Cass. civ. Sez. Unite, Sent., 23-04-2012, n. 6327 Illeciti disciplinari

Sentenza scelta dal dott. Domenico Cirasole direttore del sito giuridico http://www.gadit.it/

Svolgimento del processo

1. Con sentenza n. 111 dell’8 luglio 2011, depositata il 21 luglio 2011, la Sezione disciplinare del Consiglio superiore della magistratura ha inflitto al Dott. L.B.L., giudice presso il Tribunale di Rimini, la sanzione della censura, avendolo ritenuto responsabile dell’illecito disciplinare di cui al D.Lgs. 23 febbraio 2006, n. 109, art. 2, comma 1, lett. d).

Il Dott. L.B. era stato incolpato di tale illecito, come riportato nell’epigrafe della sentenza, "per avere, quale magistrato con funzioni di giudice nel Tribunale di Siracusa, violato i doveri generali di correttezza ed equilibrio e per aver tenuto un comportamento gravemente scorretto nei confronti della Dott.ssa L.I.S., giudice nel medesimo ufficio. In particolare, il Dott. L.B., nell’auto-relazione indirizzata al Consiglio giudiziario di Catania nel corso del procedimento relativo alla sua prima valutazione di professionalità, in un provvedimento di riorganizzazione del suo ruolo civile del 12 novembre 2008 (atti per loro natura destinati alla conoscenza di terzi) e in una missiva indirizzata in data 20 gennaio 2009 al presidente della sezione civile del Tribunale di Siracusa, svolgeva ripetutamente aspre ed ingiustificate critiche in ordine alla professionalità della Dott.ssa L.I., precedente titolare dei medesimi ruoli di cognizione e di esecuzione, addebitandole una mala gestio degli stessi; l’incapacità di organizzarli; una sorta di stagnazione del ruolo; la concessione di rinvii immotivati; l’adozione di prassi istruttorie lacunose ed altri simili inconferenti giudizi. In tal modo il Dott. L.B. travalicava le proprie esigenze di organizzazione, mettendo ripetutamente in cattiva luce la collega di fronte ai capi degli uffici, al Foro ed al personale di cancelleria".

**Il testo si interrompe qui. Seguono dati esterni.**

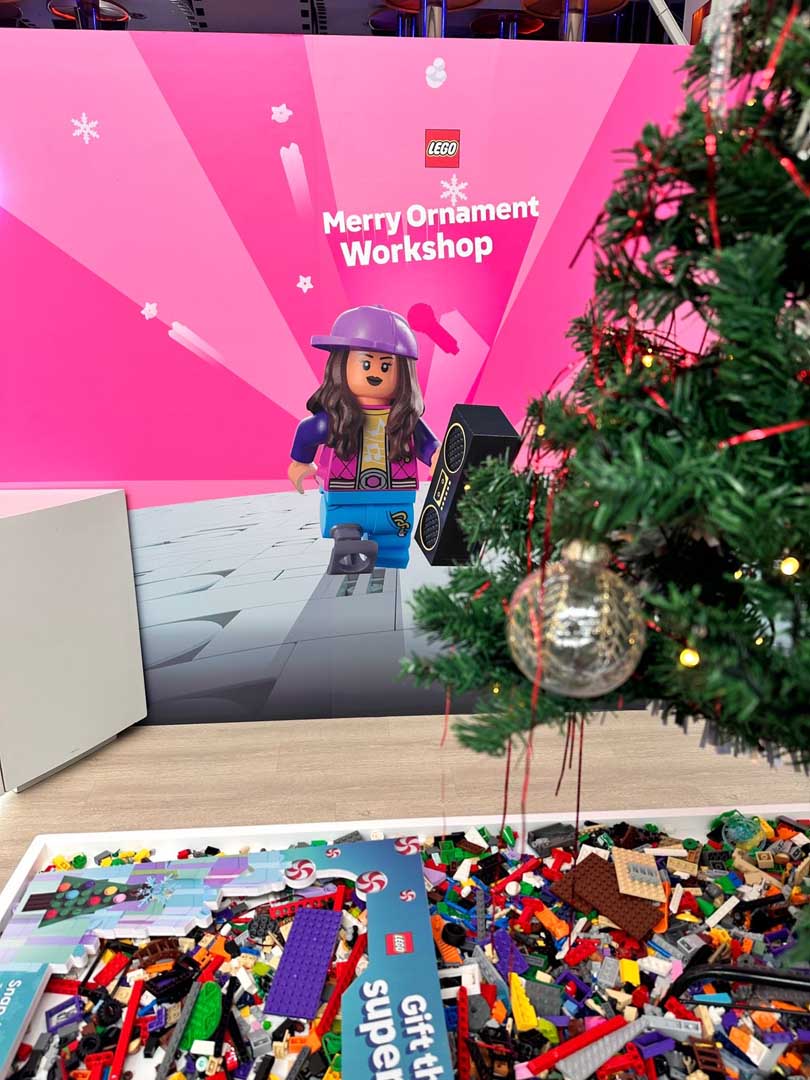 Lego activation at Gateway 3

La Sezione disciplinare ha osservato che, nella prospettiva dell’incolpato e segnatamente nel provvedimento di riorganizzazione del ruolo, assumeva certamente rilevanza, e sarebbe stata quindi sufficiente, una descrizione della situazione del ruolo, per giustificare qualche anticipazione e numerosi differimenti (fino a due anni) di udienze già fissate, non solo dalla Dott.ssa L. I. ma anche dallo stesso Dott. L.B. e in relazione a procedimenti anche sopravvenuti alla successione tra i due magistrati. L’incolpato si impegnò invece anche ad individuare le cause della difficile situazione, addebitandone la responsabilità esclusivamente alla collega che lo aveva preceduto due anni prima, e tale comportamento – ha concluso la Sezione disciplinare – fu reiteratamente e gravemente scorretto, perchè le censure ripetutamente mosse alla Dott.ssa L.I. furono indebite, non competendo al Dott. L.B. valutare il lavoro della collega (e tanto meno comunicare al Foro e ai dirigenti dell’Ufficio le proprie valutazioni in proposito), e palesemente gratuite, perchè non necessarie a giustificare plausibilmente la posizione dell’incolpato.

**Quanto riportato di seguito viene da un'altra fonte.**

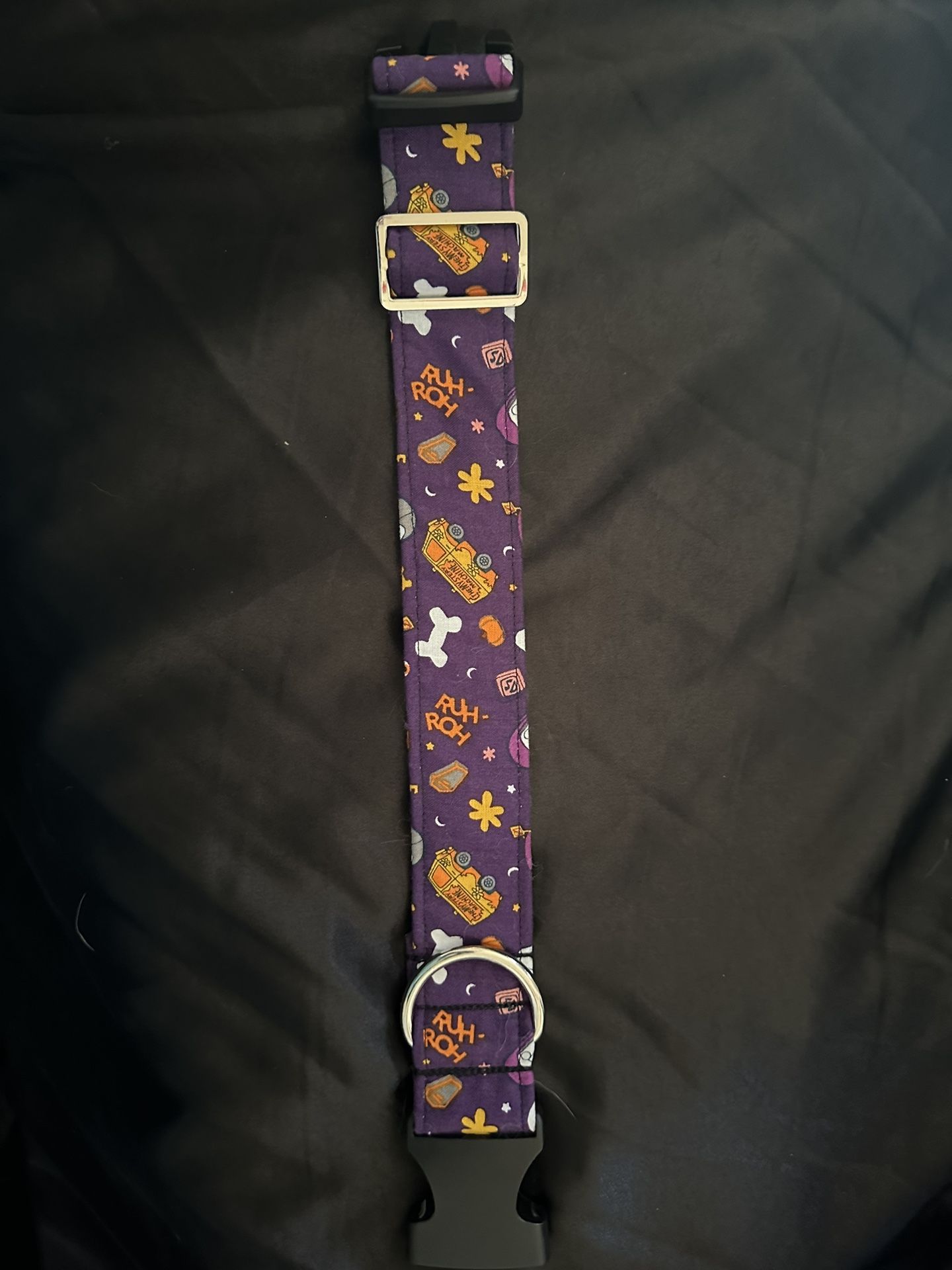 Scooby Doo Custom Made Dog Collar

2. Avverso tale sentenza il Dott. L.B.L. ha proposto ricorso per cassazione sulla base di tre motivi.

Il Ministro della giustizia non ha svolto attività difensiva.

Motivi della decisione

1.1. Con il primo motivo formulato, il ricorrente, denunciando "violazione e falsa applicazione del D.Lgs. 23 febbraio 2006, n. 109, art. 2, comma 1, lett. d), ai sensi dell’art. 606 c.p.p., lett. b), nonchè dell’art. 360 c.p.c., n. 3", censura la sentenza impugnata osservando che i comportamenti addebitati al Dott. L.B. non hanno i requisiti previsti dalla richiamata norma del D.Lgs. n. 109 del 2006 per la configurabilità dell’illecito disciplinare in esame, non essendo nè abituali, nè gravi, e non potendo neppure ritenersi scorretti.

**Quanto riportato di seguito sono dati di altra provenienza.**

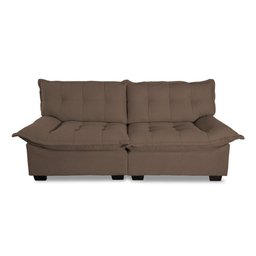 Conjunto Sofá Coliseu 3 e 2 Lugares Bouclê - King House - 6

In particolare, ad avviso del ricorrente, non sussiste il carattere dell’abitualità poichè almeno due dei tre episodi in relazione ai quali è stato ravvisato l’addebito – adozione del provvedimento di riorganizzazione del ruolo e redazione della missiva indirizzata al presidente della sezione – si collocano in una sequenza cronologica e funzionale tale da configurare una unicità di condotta; nè le condotte si rivelano gravemente scorrette, cioè veicolo di indebito discredito nei confronti della collega, trattandosi, quanto all’autorelazione ed alla lettera riservata al presidente della sezione, di documenti privi di rilevanza esterna in quanto diretti ai destinatari istituzionalmente preposti al controllo dell’attività dei magistrati, e, in ordine al decreto di riorganizzazione del ruolo delle cause, di provvedimento finalizzato esclusivamente a tutelare il magistrato dalle conseguenze negative (anche disciplinari) derivanti dall’accumularsi di ritardi nel deposito delle sentenze, con inevitabile indicazione delle ragioni che lo giustificavano (senza peraltro menzionare il nome di alcun magistrato) e necessaria comunicazione ai difensori delle parti interessate.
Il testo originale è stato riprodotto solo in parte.